SARS‐CoV‐2‐uninfected comparison group sensitivity analysis
To compare the baseline differences between SARS‐CoV‐2‐infected and ‐uninfected patients, we ran a sensitivity analysis using the same inclusion/exclusion criteria. We relied on earliest available negative SARS‐CoV‐2 lab test as the index date in the uninfected cohort. This cohort included 958,967 SARS‐CoV‐2‐uninfected patients (803,001 urban, 122,376 UAR, and 33,590 NAR).
Inpatient death or transfer to hospice was higher along rural lines in the uninfected cohort, albeit attenuated compared to the SARS‐CoV‐2‐infected population. After adjusting for differences in gender, race, ethnicity, BMI, age, CCI, quarter of earliest negative lab test, and Census subregion, odds of all‐cause mortality remained approximately 15% higher for rural C19 hospitalized patients, UAR (aOR 1.15, 95% CI, 1.12‐1.18) and NAR (aOR 1.16, 95% CI, 1.12‐1.21) (Table S3).
DISCUSSION
This retrospective cohort study from a large representative data enclave of C19 patients found significantly higher mortality rates among hospitalized rural C19 patients. Mortality was approximately 36% higher among rural C19 patients after adjustment for age, gender, race, ethnicity, BMI, CCI composite score, date of diagnosis, Census subregion, and differences derived from the data contributor.
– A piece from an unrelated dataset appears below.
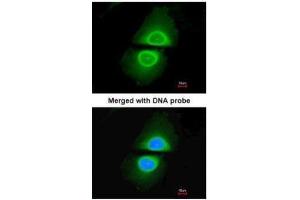 ICC/IF Image Immunofluorescence analysis of paraformaldehyde-fixed HeLa, using Cytochrome P450 4A11, antibody at 1:200 dilution. (CYP4A11 抗体  (Center))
The SARS‐CoV‐2 pandemic provides an important lens to examine all‐cause mortality by area of residence. SARS‐CoV‐2 is a new virus, rapidly transmitted in an immunologically naïve human population and initially without known effective treatment. The rapidity with which first urban then rural communities in the United States experienced surges of SARS‐CoV‐2 led us to hypothesize that an urban‐rural mortality differential would not be observed. That, however, is not the case. Although rural populations are older and have higher rates of comorbid conditions, 38 such as diabetes mellitus and obesity, 39 which have been associated with increased disease severity and death in SARS‐CoV‐2 infection, adjustment for these factors did not change the finding of higher rural mortality. 40 , 41
The gradient of risk for chronic diseases and mortality between urban and rural inhabitants is a relatively recent development in the United States. Prior to 1980, mortality rates in rural and urban areas of the United States were comparable. Since then, mortality rates in rural America have exceeded urban rates, and the gap has accelerated since 1999, even when adjusted for age. 39 , 40 , 42 This mortality disparity has been referred to as “the nonmetropolitan penalty,” 43 and some experts believe that structural urbanism is widening the gap. 44 Similar findings are noted among nonmetropolitan counties for common causes of death, including heart disease, cancer, chronic lower respiratory disease, unintentional injury, and stroke. 7
Given the research objectives, it would be illogical to adjust the rural versus urban comparison for clinical severity, such as clinical severity at the time of hospital admission. If a rural versus urban effect exists, it almost certainly would lead to rural versus urban differences in clinical severity at admission. Therefore, adjusting for clinical severity at admission would result in adjusting away the effect that the modeling seeks to evaluate. Our modeling showed that the rural versus urban effect was larger among patients hospitalized for C19 than among patients hospitalized for non‐COVID reasons. This suggests that rurality played a greater relative role in C19 outcomes than it plays in the outcomes resulting from most other (non‐COVID) hospitalizations.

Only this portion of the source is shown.